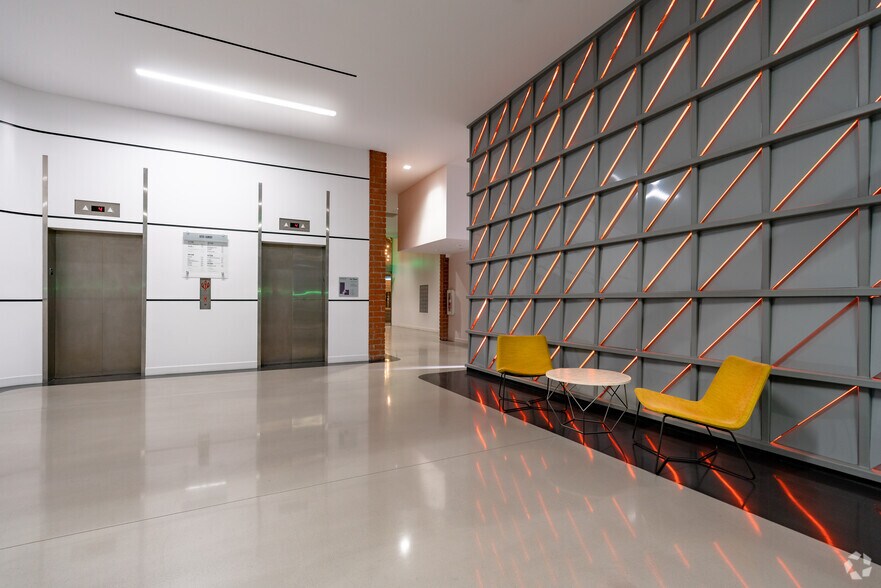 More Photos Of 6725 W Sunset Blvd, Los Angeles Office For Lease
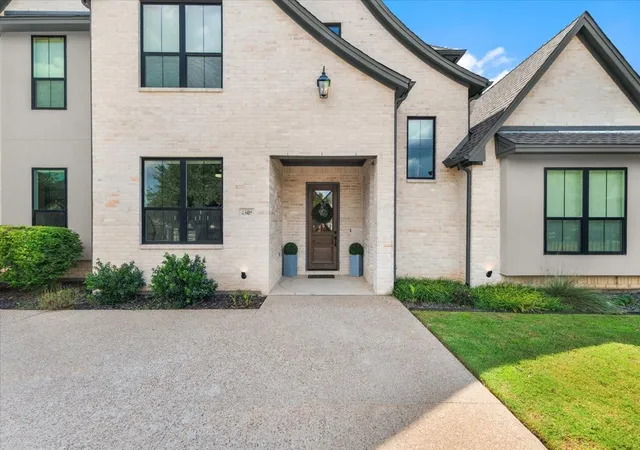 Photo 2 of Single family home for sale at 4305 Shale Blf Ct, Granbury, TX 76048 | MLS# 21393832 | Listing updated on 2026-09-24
==
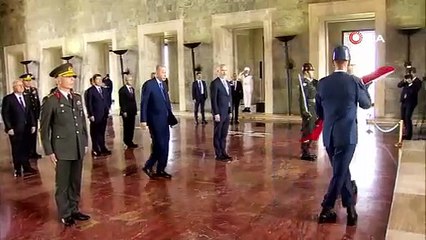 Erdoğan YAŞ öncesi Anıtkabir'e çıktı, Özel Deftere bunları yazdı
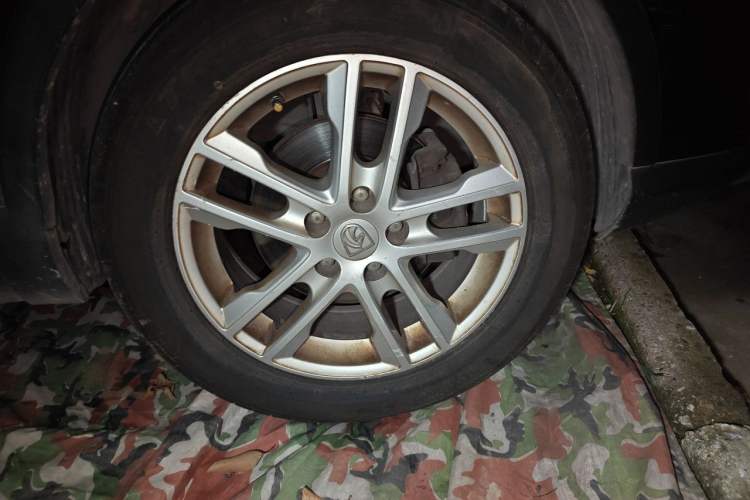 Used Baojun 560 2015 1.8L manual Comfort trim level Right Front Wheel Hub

| EXERCISE DETAILS |
Within the listing above, the lines starting at the one containing "Erdoğan YAŞ öncesi" and ending at the one containing "Used Baojun 560" are to be returned exactly. Omit the pictures.

| YOUR RESPONSE |
 Erdoğan YAŞ öncesi Anıtkabir'e çıktı, Özel Deftere bunları yazdı
 Used Baojun 560 2015 1.8L manual Comfort trim level Right Front Wheel Hub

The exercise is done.